Taking that into account how do I set up an SSH tunnel to access the LuCI panel? I've seen some posts to enable Gateway Ports in SSH Access but this didn't seem to work. It's currently disabled as I'm writing this post.
Only when I port-forward my SSH port in the Firewall can I access my SSH port and create an SSH tunnel to access my LuCI web panel. Can someone help me if this is how it should be done or if something's missing?
Only if you actually want it to. You can setup the VPN to tunnel only the addresses of interest (i.e. to your router and/or your lan, but not the internet). This is achieved with WG using the "allowed IPs" field.
Not really, if anything I'm mostly going to use it for the Wake on LAN feature if my Desktop shuts down and maybe just inspect through traffic. At my University they have a Fortinet firewall which blocks domains if they aren't rated or if they fall under piracy etc., I could give this a shot and configure Wireguard but just wanted to know if there are any other alternatives.

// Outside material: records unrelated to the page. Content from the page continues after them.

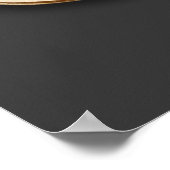  Poster van kolossale cocktails (Hoek)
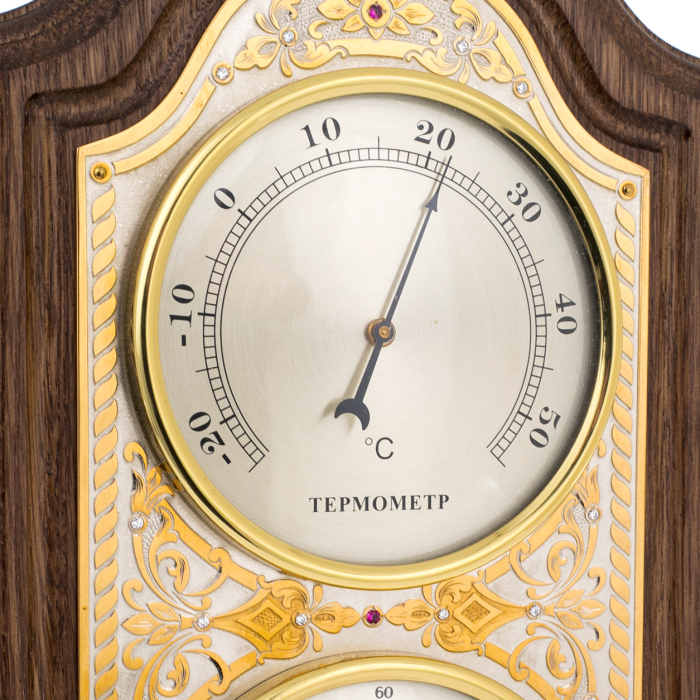 Барометр "Узорный" Златоуст - артикул: 301589 | Мосподарок 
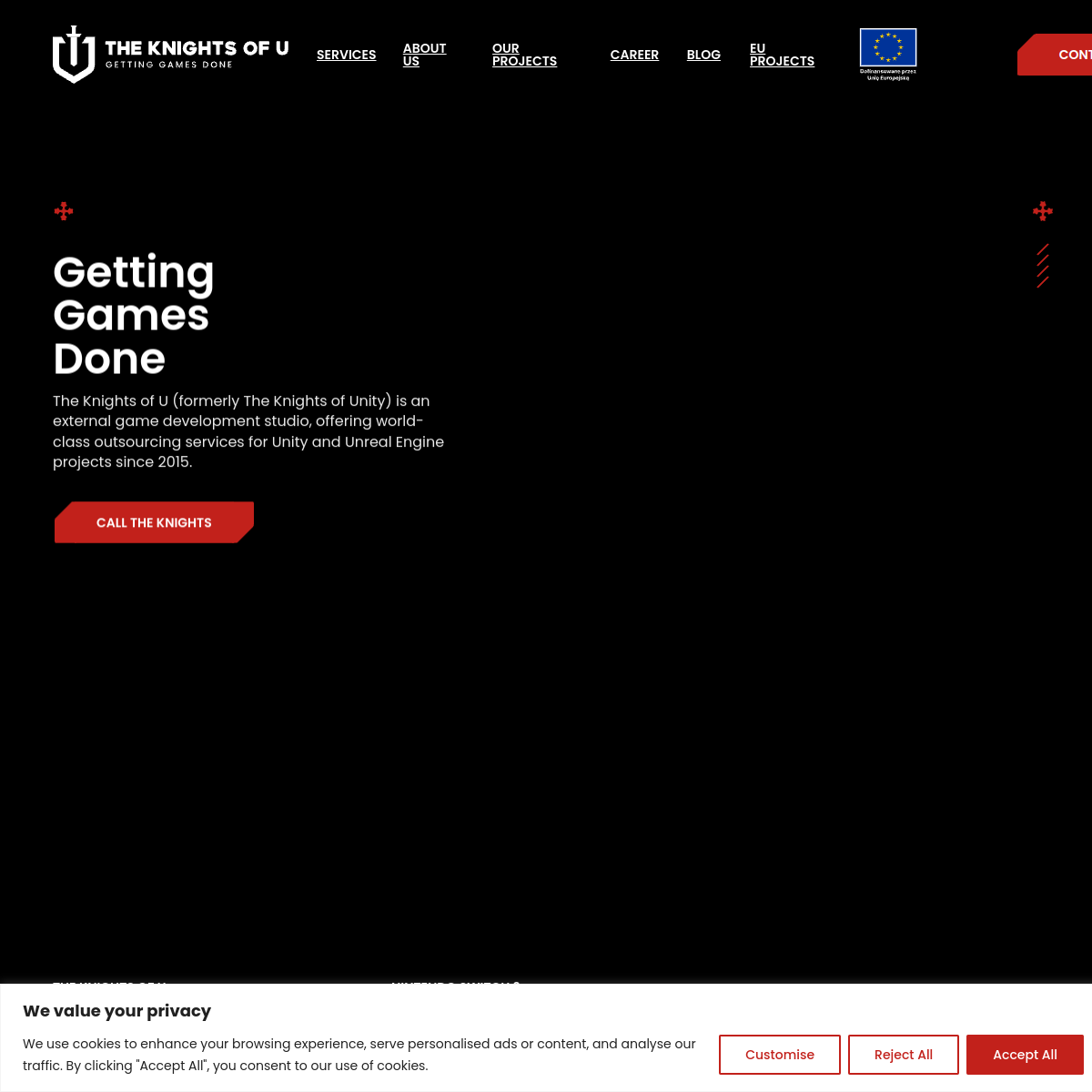 The Knights of Unity portfolio image 1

What you need is a point-to-point or a point-to-site Wireguard configuration. Wireguard will not tunnel your entire traffic by default, you have to explicitly set the allowed IPs to 0.0.0.0/0, ::/0 for that.
A place that goes out of its way to restrict Wireguard or OpenVPN would probably restrict SSH as well. If you really need to connect from these networks, you might have better luck using HTTPS as the outer tunnel. Or use your mobile data.
A SSH or TLS server (e.g. HTTPS or OpenVPN) has to respond to anybody that connects in order to negotiate the cipher suite to use. Wireguard does not do any cipher suite negotiation. As a result, a Wireguard peer will never reply to any other Wireguard peer unless that peer possesses the correct keys in the first place. This is one of the reasons why Wireguard is often recommended for remote access scenarios, because it's a lot simpler to get it right.
First you need to make sure that you can ssh to your router from the WAN interface. You may need to open the port in the firewall configuration. Would also suggest disabling password auth. You can do this for the WAN interface only by running a separate instance of dropbear, bound only to the wan interface.